Jean-Louis Dufour, La guerre, la ville et le soldat,
Odile Jacob, 2002
7 septembre 2003
e milieu urbain est indissociable de la guerre contemporaine, et l’Histoire a démontré son importance. Cet ouvrage examine chaque aspect des opérations militaires en zone bâtie et constitue une lecture préalable à toute réflexion en ce domaine.
Analyste stratégique bien connu du grand public francophone, le colonel Jean-Louis Dufour a tiré de son séjour comme attaché militaire à Beyrouth, en 1982, une appréhension détaillée des combats en ville. Spécialisé dans l’étude des crises internationales et des conflits contemporains, et professeur associé à l’Ecole militaire de Saint-Cyr, il a mené avec ce livre de 308 pages une recherche approfondie sur les relations entre la cité, la guerre et les hommes qui la font.
Aujourd’hui encore, les opérations militaires en milieu urbain sont abordées à contre-cœur par la plupart des forces armées. La complexité de l’espace en trois dimensions, la proximité constante des populations civiles ou encore le nivellement des forces s’opposent à la notion de bataille décisive qui sous-tend le modèle occidental de la guerre.

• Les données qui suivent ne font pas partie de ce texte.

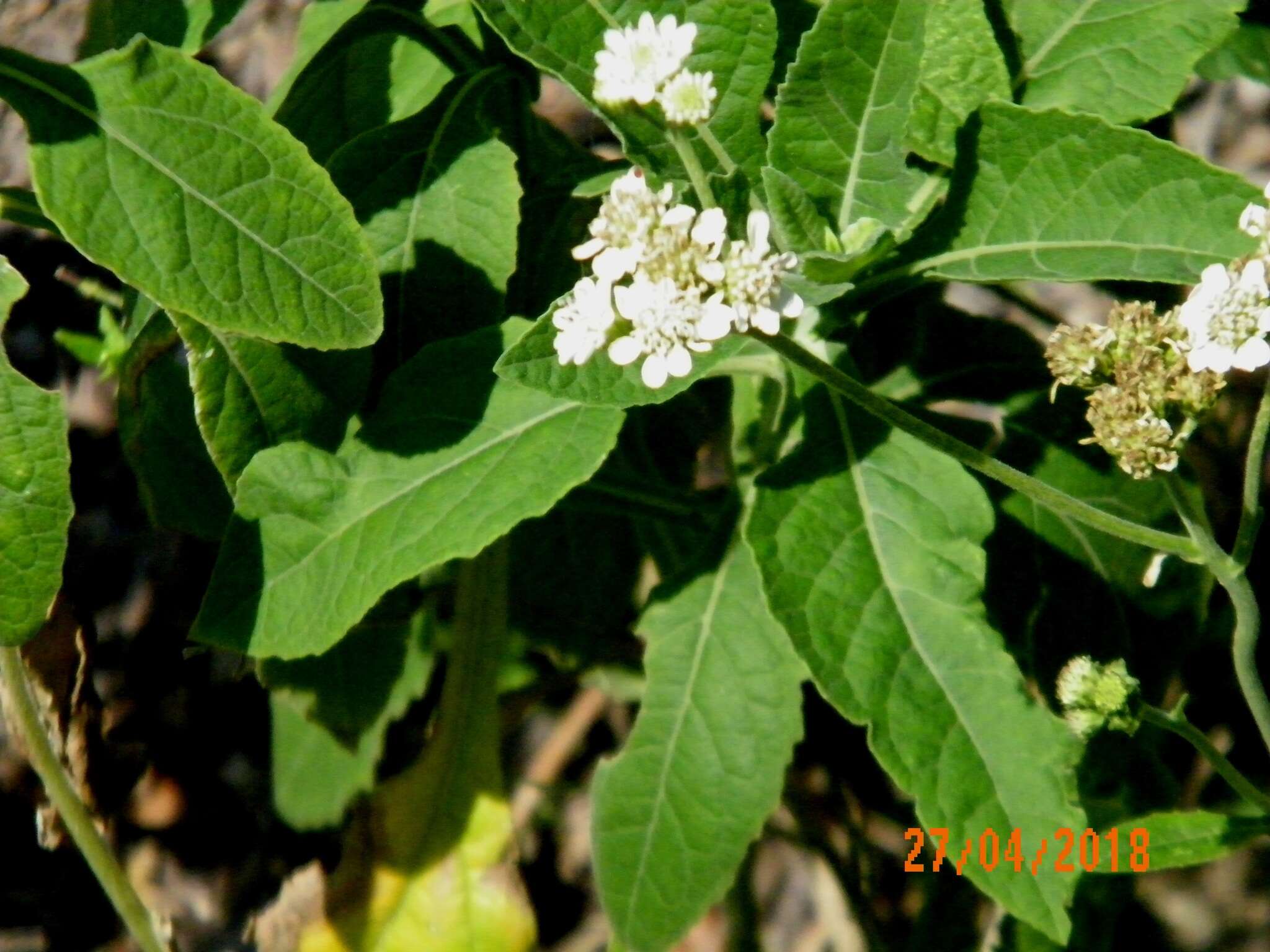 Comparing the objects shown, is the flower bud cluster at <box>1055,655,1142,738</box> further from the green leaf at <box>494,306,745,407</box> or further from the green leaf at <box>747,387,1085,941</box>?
the green leaf at <box>494,306,745,407</box>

Malgré l’évolution des armes et des mentalités, la crainte du soldat ou du général face à la cité tentaculaire et mystérieuse n’a guère changé.
Le livre est structuré en cinq parties : la guerre et la ville, une introduction générale à l’histoire des conflits, au milieu urbain et aux stratégies qui s’y appliquent ; la guerre contre la ville, avec la question de la fortification et du siège ; la guerre dans la ville, qui comprend l’attaque, l’insurrection et le conflit intérieur ; la guerre à la ville, où celle-ci est cible de bombardements et prise en otage ; enfin, le futur urbain de la guerre, avec les transformations de l’environnement urbain et des armées.

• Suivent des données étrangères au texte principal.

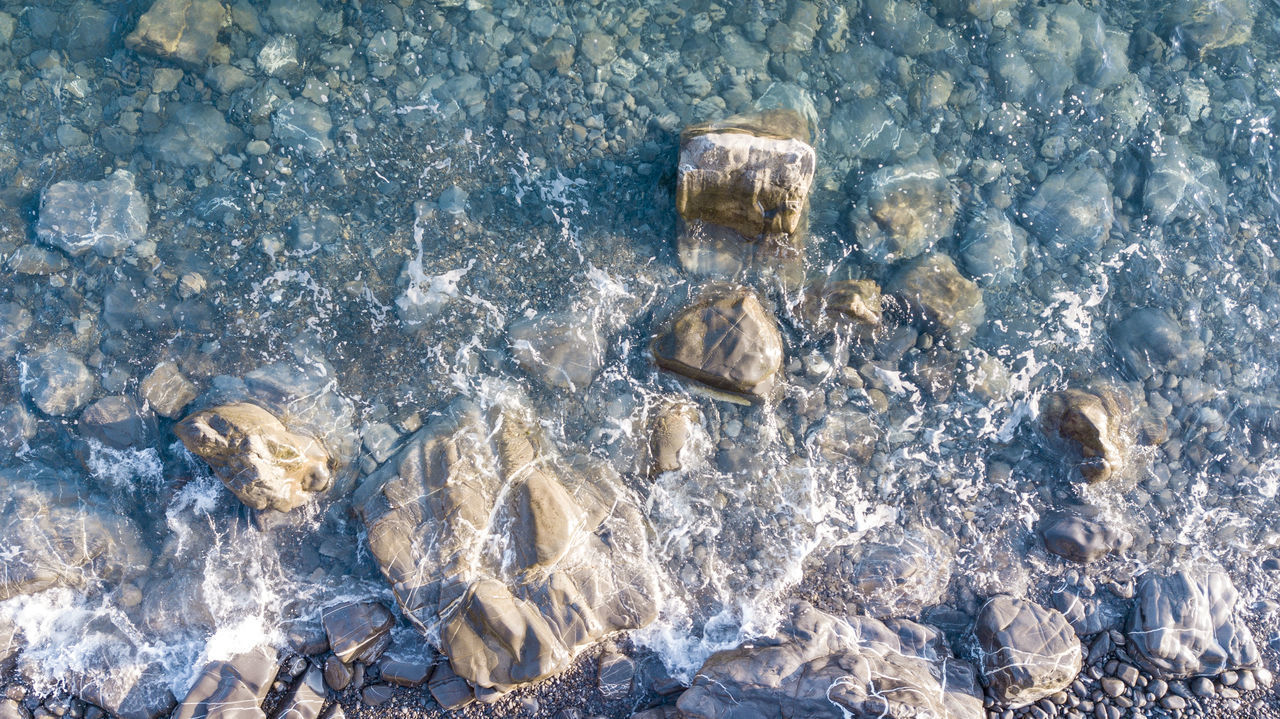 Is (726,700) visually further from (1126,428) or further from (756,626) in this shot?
(1126,428)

Jean-Louis Dufour parvient ainsi à brosser un tableau d’ensemble du sujet, en fournissant suffisamment de chiffres et d’anecdotes pour grandement enrichir le lecteur. Les études de cas constituent d’ailleurs l’un des points forts du livre, avec bien entendu Beyrouth, qui fait l’objet d’un chapitre entier, mais aussi Stalingrad, Berlin, Hué, Paris durant la commune, Madrid pendant la guerre civile ou encore Grozny. De même, les bombardements massifs ou les insurrections urbaines sont décrits avec minutie.
Cet ouvrage sera cependant une déception pour ceux qui en attendent un outil doctrinal servant directement les forces de sécurité. Au-delà de quelques détails techniques inexacts et d’une certaine superficialité, il pêche surtout par un sentiment sous-jacent de résignation. Pour l’auteur, la ville est par définition un milieu défavorable à toute opération militaire, à toute force organisée pour atteindre un objectif tangible. La défaite semble attendre au détour de chaque rue.
En fait, Jean-Louis Dufour montre simplement qu’une formation structurée, équipée et entraînée en vue d’un combat en terrain ouvert peine à être engagée en milieu urbain. Or les forces armées occidentales ont suffisamment souffert au cours du XXe siècle pour comprendre la nécessité de s’adapter aux opérations en ville, et embrasser des innovations techniques ou doctrinales. Les systèmes et les procédures destinés à cet environnement se multiplient depuis 10 ans.
La véritable démonstration des forces anglo-américaines en Irak, où elles sont parvenues à prendre des villes gigantesques face une opposition parfois fanatique en ne subissant que des pertes négligeables, l’a clairement démontré. Le même Jean-Louis Dufour a d’ailleurs certainement mesuré les limites de son œuvre, puisque ses analyses sur la bataille pour Bagdad – où il prévoyait une situation intermédiaire entre Stalingrad en 1942 et Budapest en 1945, et qualifiait les armées de «poules équipées d’un couteau» – se sont révélées totalement infondées.
Malgré cela, son livre demeure une somme historique de première qualité, de même qu’une approche systématique des opérations militaires en zone urbaine. L’étudier constitue donc un préalable à toute réflexion sur le sujet.